For every line in the material, output its text exactly and exclude any image it holds.

- [Data to examine]:
══════════
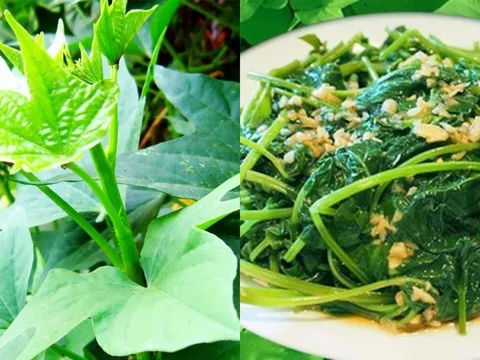 Loại rau trước thường cho lợn ăn nay thành món ăn đồng quê tốt như thần dược, bổ hơn nhân sâm tổ yến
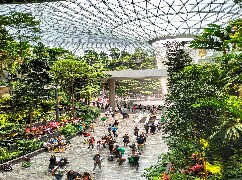 Why Singapore is a Great Study-Abroad Destination: Safe, Multicultural, and Thriving
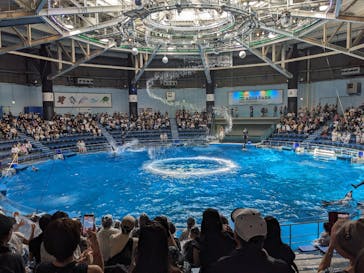 マクセル アクアパーク品川に投稿された画像（2024/8/14）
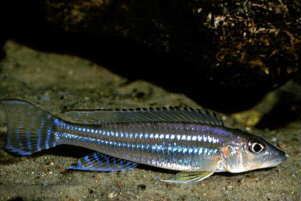 Reganochromis calliurus Reganochromis calliurus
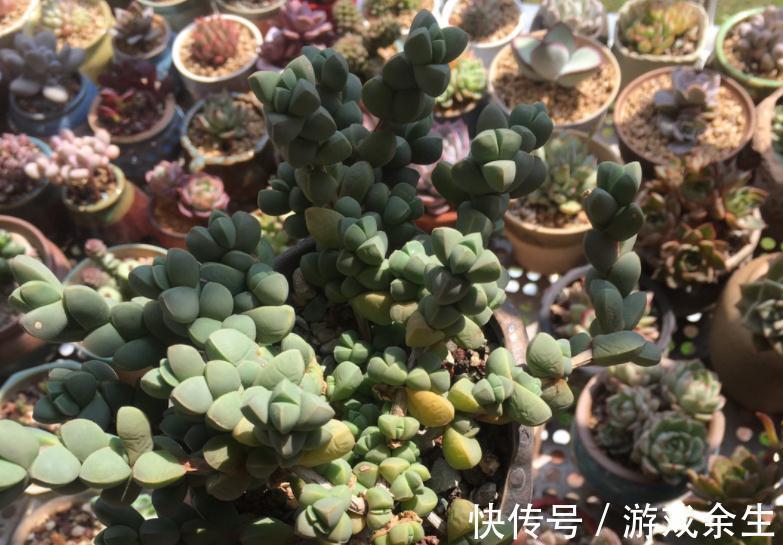 该怎么将鹿角海棠养成老桩?掌握住这些“修剪要领”就能实现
══════════
- [Written response]:
 Loại rau trước thường cho lợn ăn nay thành món ăn đồng quê tốt như thần dược, bổ hơn nhân sâm tổ yến
 Why Singapore is a Great Study-Abroad Destination: Safe, Multicultural, and Thriving
 マクセル アクアパーク品川に投稿された画像（2024/8/14）
 Reganochromis calliurus Reganochromis calliurus
 该怎么将鹿角海棠养成老桩?掌握住这些“修剪要领”就能实现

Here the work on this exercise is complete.